YOUR OBJECTIVE: In the lines below, find the one that contains "Maison à MONTCEAU-LES-MINES" and write it out exactly, along with every line that follows it.

START MATERIAL FOR THE TASK

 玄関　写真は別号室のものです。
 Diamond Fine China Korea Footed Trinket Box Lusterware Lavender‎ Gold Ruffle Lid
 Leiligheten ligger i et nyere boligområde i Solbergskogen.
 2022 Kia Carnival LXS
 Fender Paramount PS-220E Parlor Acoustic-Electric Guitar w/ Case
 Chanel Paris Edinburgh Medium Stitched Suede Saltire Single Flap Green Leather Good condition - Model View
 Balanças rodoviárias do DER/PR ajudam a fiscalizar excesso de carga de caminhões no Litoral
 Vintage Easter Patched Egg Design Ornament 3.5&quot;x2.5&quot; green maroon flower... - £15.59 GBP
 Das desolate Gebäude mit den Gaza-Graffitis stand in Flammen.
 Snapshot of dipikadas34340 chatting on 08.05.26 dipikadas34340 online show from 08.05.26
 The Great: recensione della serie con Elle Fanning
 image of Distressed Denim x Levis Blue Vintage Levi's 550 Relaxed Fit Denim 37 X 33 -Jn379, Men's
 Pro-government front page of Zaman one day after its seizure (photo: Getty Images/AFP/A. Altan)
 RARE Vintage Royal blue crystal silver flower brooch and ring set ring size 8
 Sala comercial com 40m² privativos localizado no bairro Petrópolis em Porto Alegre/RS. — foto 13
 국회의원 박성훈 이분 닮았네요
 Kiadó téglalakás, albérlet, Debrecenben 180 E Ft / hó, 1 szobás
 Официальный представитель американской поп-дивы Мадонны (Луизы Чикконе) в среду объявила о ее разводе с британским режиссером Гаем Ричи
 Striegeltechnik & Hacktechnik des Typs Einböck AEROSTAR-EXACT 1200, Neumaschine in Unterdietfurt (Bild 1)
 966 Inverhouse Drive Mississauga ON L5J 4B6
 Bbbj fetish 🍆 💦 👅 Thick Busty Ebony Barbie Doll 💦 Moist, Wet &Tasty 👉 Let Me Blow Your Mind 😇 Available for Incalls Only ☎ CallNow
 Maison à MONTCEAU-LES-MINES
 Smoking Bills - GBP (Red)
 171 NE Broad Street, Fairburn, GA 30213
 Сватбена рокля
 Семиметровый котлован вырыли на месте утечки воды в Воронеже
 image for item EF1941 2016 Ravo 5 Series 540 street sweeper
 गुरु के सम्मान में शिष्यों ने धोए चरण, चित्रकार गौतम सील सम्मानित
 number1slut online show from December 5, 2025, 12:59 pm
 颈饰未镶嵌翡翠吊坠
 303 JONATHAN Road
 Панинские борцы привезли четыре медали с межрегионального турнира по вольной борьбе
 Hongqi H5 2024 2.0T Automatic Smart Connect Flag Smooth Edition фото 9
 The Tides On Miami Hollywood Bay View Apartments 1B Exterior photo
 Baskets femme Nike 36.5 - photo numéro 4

END MATERIAL FOR THE TASK

REPLY:
 Maison à MONTCEAU-LES-MINES
 Smoking Bills - GBP (Red)
 171 NE Broad Street, Fairburn, GA 30213
 Сватбена рокля
 Семиметровый котлован вырыли на месте утечки воды в Воронеже
 image for item EF1941 2016 Ravo 5 Series 540 street sweeper
 गुरु के सम्मान में शिष्यों ने धोए चरण, चित्रकार गौतम सील सम्मानित
 number1slut online show from December 5, 2025, 12:59 pm
 颈饰未镶嵌翡翠吊坠
 303 JONATHAN Road
 Панинские борцы привезли четыре медали с межрегионального турнира по вольной борьбе
 Hongqi H5 2024 2.0T Automatic Smart Connect Flag Smooth Edition фото 9
 The Tides On Miami Hollywood Bay View Apartments 1B Exterior photo
 Baskets femme Nike 36.5 - photo numéro 4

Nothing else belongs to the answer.